Os míudos da fila da frente, esses tomam antidepressivos. Levam uma vida a libertar-se do quadro, do qual pensaram ter saltado fora com o primeiro emprego ou a primeira casa. Ao quinto emprego ainda não são capazes de dizer que não, de pedir um divórcio, de partir de propósito o copo no restaurante. Têm problemas de expressão. Questionam o quadro. Odeiam o quadro. Culpam o quadro pela inércia e pela cobardia que os mantêm enquadrados. Acabam quadrados.
Conheci um caso triangular, porém. Foi para o Egipto porque estava convencido de ter sido sepultado numa pirâmide com o Faraó e precisava de lá voltar para perder o medo reverencial que tinha pelo pai actual. Pois...

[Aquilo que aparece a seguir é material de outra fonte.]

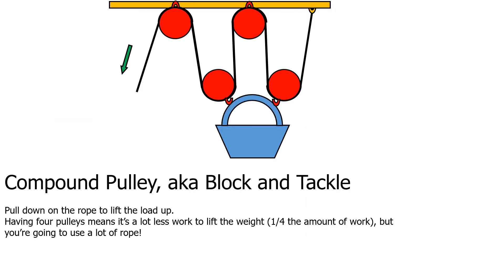Another name for a compound pulley is a block and tackle. You pull down on the rope to lift the load up. The more pulleys we have, the less work it is to lift a load. With four pulleys, it takes one quarter the amount of work, but four times the amount of rope, to pull up the same amount of weight.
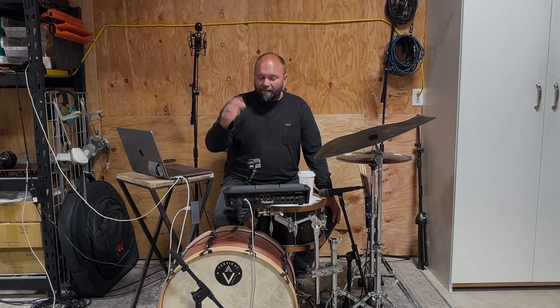Hey guys, Josh from Vertical Drum Co. here. I wanted to do a tutorial about how I use my Roland SPD-SX as a MIDI controller for Ableton Live. The really cool thing about this is you can change all of your sounds on Ableton Live very quickly and easily, and you can also route different sounds to the front of house board so they can control individual sounds when necessary. All you need is Ableton Live and a Roland SPD-SX. Let's get into it.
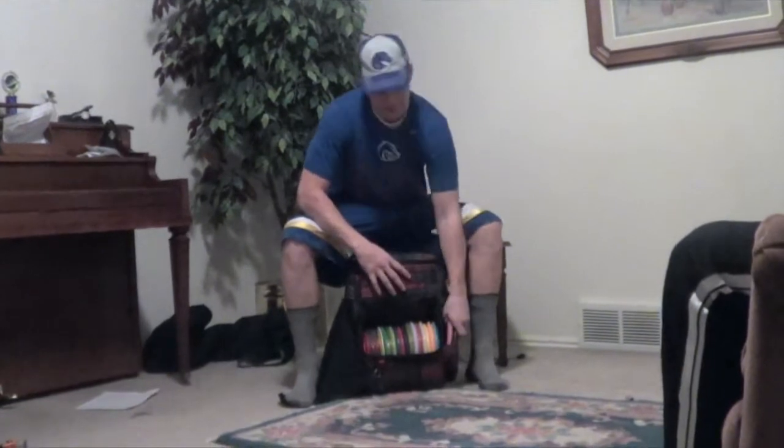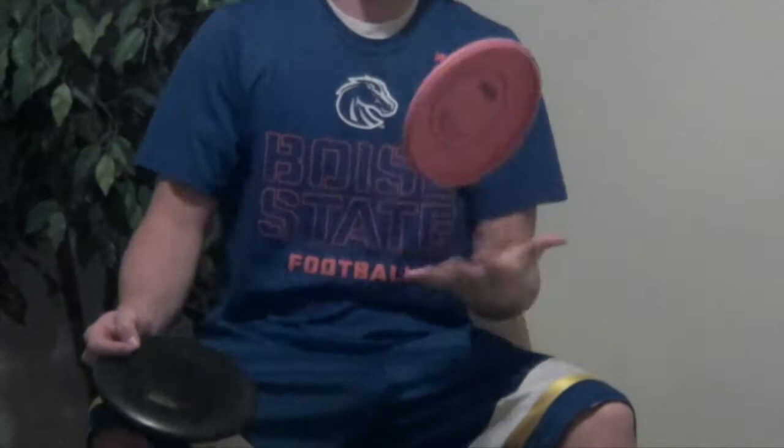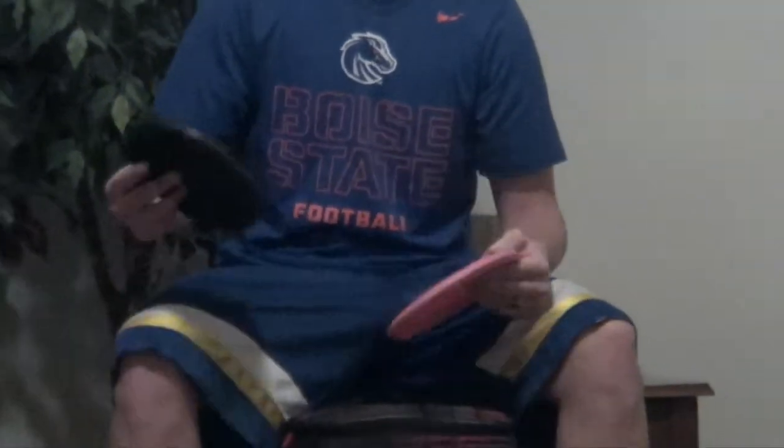Starting out with my putters. I carry two putters — they're both McPro AVRs, 175 max weight. I really only putt with this one; this one's brand new and I haven't really started putting with it much. This is my putting putter. I putt with it up to 60 feet out on any putt.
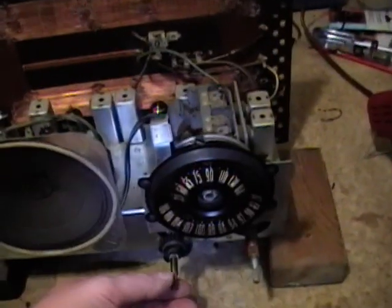I've attached the antenna back on the radio, so let's plug this in and see how it sounds now.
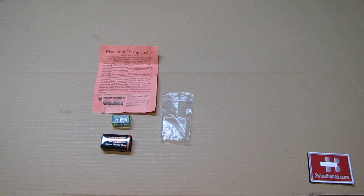Hello, my name is Swiss Bianco. In this video I will talk about the Phoenix Junior Transmitter.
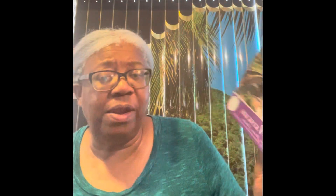Friends, I am doing a 1,000 piece puzzle. This is the second of a series of four, and you voted this one to be the second one, so we'll look and see how that is coming along.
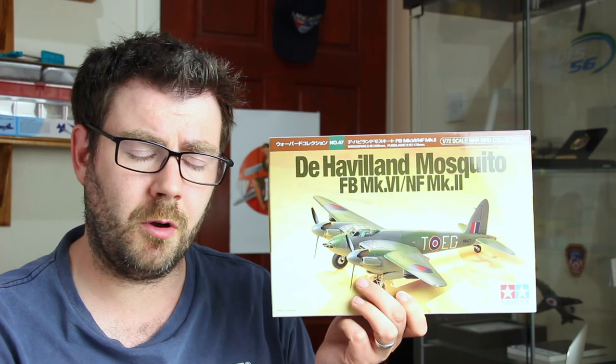I've done a bit of research online on various forums and I haven't heard any horror stories about it being an unbuildable kit. I will be building this shortly, making a start on it soon. I did say on my bench update that I wasn't going to do a video build for it, but part of me thinks I might give it a go. I'm definitely going to be doing a video build of my Valiant, and I'll start building soon. Long story short, Tamiya's 1/72 scale de Havilland Mosquito Fighter Bomber Mark VI and Night Fighter Mark II — highly recommended from me. We'll see whether I say the same thing at the end of the build, but it looks good and I'm looking forward to getting stuck into it.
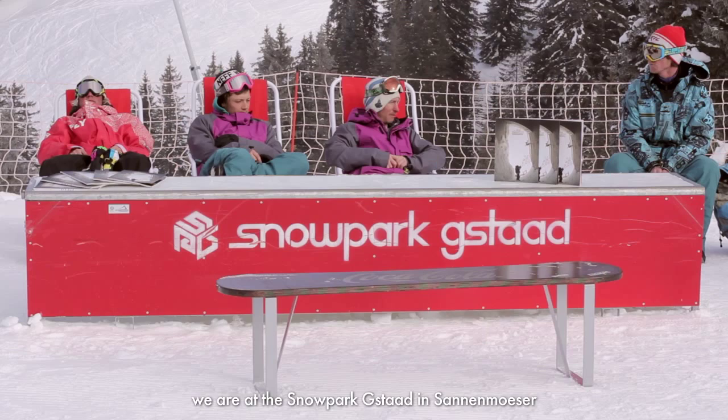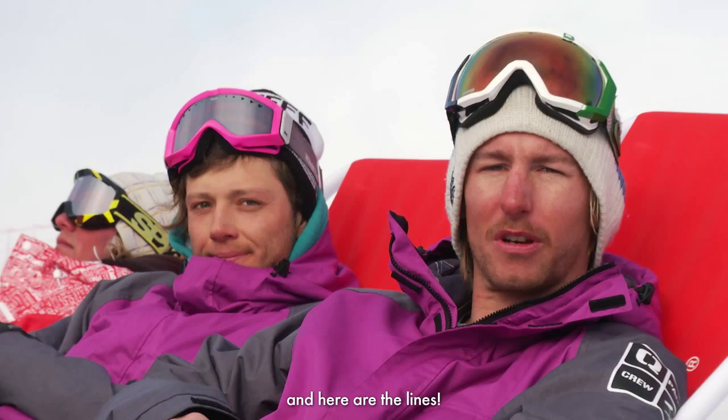Hello, my name is Steff Maracutti. We are here at the park in Sanemöser and I will now show you the lines.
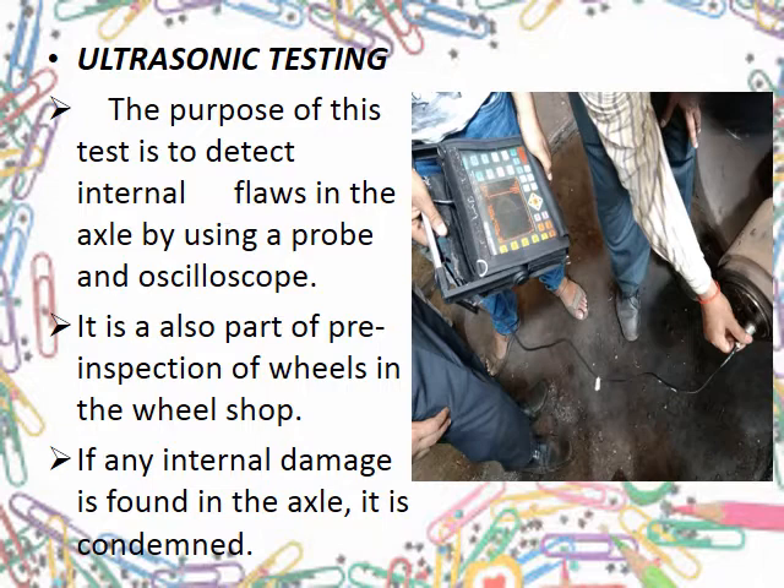Depending on the orientation and location of the probe used for inspection, it is mainly of four types: far and near, and low angle with probe angle less than 20 degrees, high angle with probe angle higher than 35 degrees, and finally trace delay. For reference, the frequency of waves used is 2.5 MHz and the diameter of the probe used is 22.5 mm.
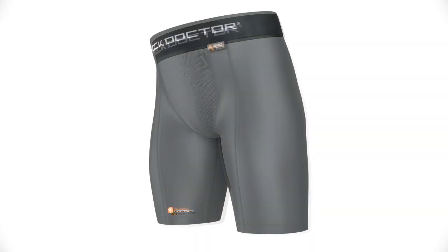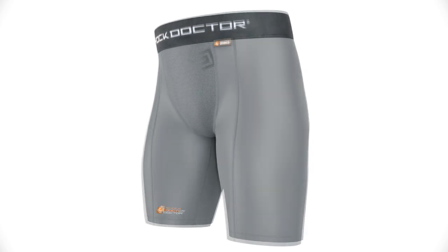The Shock Doctor 220 Core Compression Short is a multi-sport compression short with a cup pocket, available in white, black, and gray. Sizes range from boys small through men's XXL.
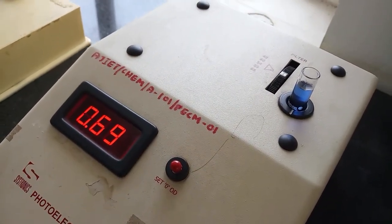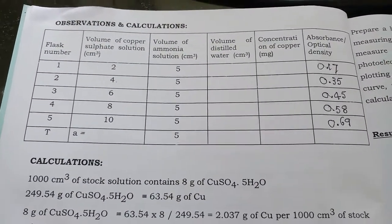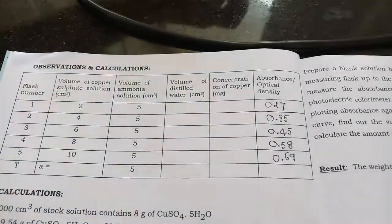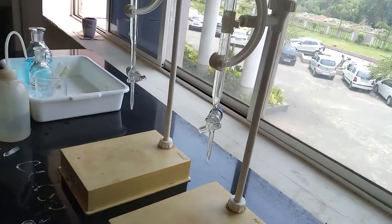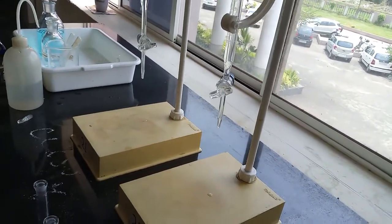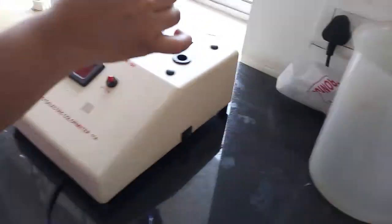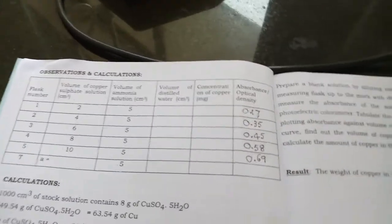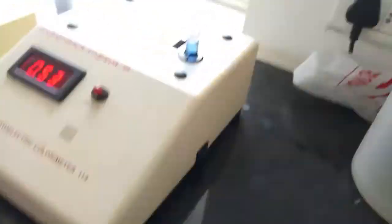Here we have 10 ml of copper sulfate solution, and the absorbance is 0.69 — that is also recorded. So the readings are: 2 ml → 0.17, 4 ml → 0.35, 6 ml (recorded), 8 ml → 0.58, and 10 ml → 0.69. These 2, 4, 6, 8, and 10 ml values serve as the reference volumes.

Essa certeza que queres, és tu à procura da porta, dentro do teu quadro, para o corredor a seguir. Não tenho a certeza que a alcances enquanto não abrires outra porta, a da saída.
É preciso correr, cair, abrandar e cair na mesma porque há pedras com o nosso nome inscrito. É preciso aprender a saltar… Estender as mãos, largar outras, dar os ombros e pedir por um. É preciso ficar sozinho. Abandonar e ser abandonado. Terias de ter sido pai e filho, preto, chinês, gostado de homens, mulheres e tudo à mistura. Terias de ter sido mal-entendido e entender mal. Não te quereres dar a entender. Precisavas de ter entrado em todas as casas e ficado uns tempos. Sentares-te na sala de estar doutros quadros e ficar à conversa sobre a correcção e incorrecção do que por lá se pratica.
É louvável a vontade de agir bem. É a mesma que me motiva. Tens aí a tabela que me emprestes? Essa das duas colunas com um risco de alto a baixo a separar o mau do bom. Já agora, como é que te veio parar ao colo?
Para teres “certeza” é preciso ires à Origem. Se lá chegares a única certeza que encontrarás é que não há uma certeza mas tantas quantas as almas e quantos os caminhos e quanto as dores e quantos o melhor que se conseguiu, a coabitar nesta bola forrada com uma noite e um dia a revezar-se, no mesmo beijo fugaz de olá e adeus.
Percebes o que te quero dizer? A certeza com dois lados ainda é certeza?
Eu enfrento o medo. Claro. Já me basta ser teimosa. Não quero ser maricas. Enfrento o medo se for de falhar. Se for de perder. Se for de não gostarem de mim. De decepcionar ou de dar um beliscão em expectativas estrangeiras. Enfrento todos os medos que estrangularem a liberdade de me experimentar ser todas as coisas que precise de ser para chegar à origem e constatar que estive sempre certa…
Entretanto, sem certezas, vou escolhendo, de entre todas as escolhas, a que se aproximar mais daquela que eu gostava de ser se, em vez de humana e ainda por cima mulher, fosse perfeita. Angelical..
Como seria eu de asas em vez de génio? E tento sê-lo, um verdadeiro anjo.
Como seria eu de asas em vez de génio? E tento sê-lo, um verdadeiro anjo.